Task directions ▸
Every line of the entries below from the one containing "MARCO BEACH - Residential" to the one containing "اتاق استاندارد سه نفره, New Park", both ends included, must be written out exactly. No other line belongs in the answer.
------ Records shown
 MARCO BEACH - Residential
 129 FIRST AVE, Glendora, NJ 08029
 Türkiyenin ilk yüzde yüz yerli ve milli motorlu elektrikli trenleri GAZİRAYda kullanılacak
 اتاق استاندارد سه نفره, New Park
------------
------ Records shown
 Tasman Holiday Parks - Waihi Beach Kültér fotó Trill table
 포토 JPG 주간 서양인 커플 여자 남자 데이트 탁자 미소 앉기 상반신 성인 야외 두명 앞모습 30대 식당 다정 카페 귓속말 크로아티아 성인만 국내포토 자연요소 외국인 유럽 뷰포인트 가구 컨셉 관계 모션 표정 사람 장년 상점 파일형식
------------
Output of the task ▸
 MARCO BEACH - Residential
 129 FIRST AVE, Glendora, NJ 08029
 Türkiyenin ilk yüzde yüz yerli ve milli motorlu elektrikli trenleri GAZİRAYda kullanılacak
 اتاق استاندارد سه نفره, New Park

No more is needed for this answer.